YOUR GOAL: Each record must be written out again exactly. Skip any picture it contains.

Saved entries
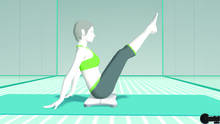 Imagen 47 de Wii Fit Plus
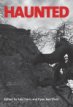 Review - Haunted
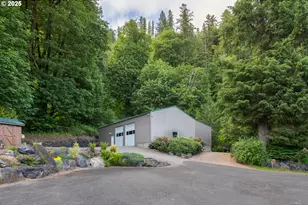 15570 Condor Rd, Cloverdale, OR 97112 - Photo 46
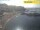 Webcam in Calella, 5.1 mi away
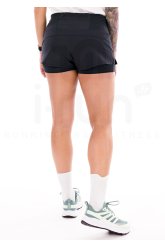 Inov-8 TrailFly Ultra 2 en 1 Damen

RESPONSE:
 Imagen 47 de Wii Fit Plus
 Review - Haunted
 15570 Condor Rd, Cloverdale, OR 97112 - Photo 46
 Webcam in Calella, 5.1 mi away
 Inov-8 TrailFly Ultra 2 en 1 Damen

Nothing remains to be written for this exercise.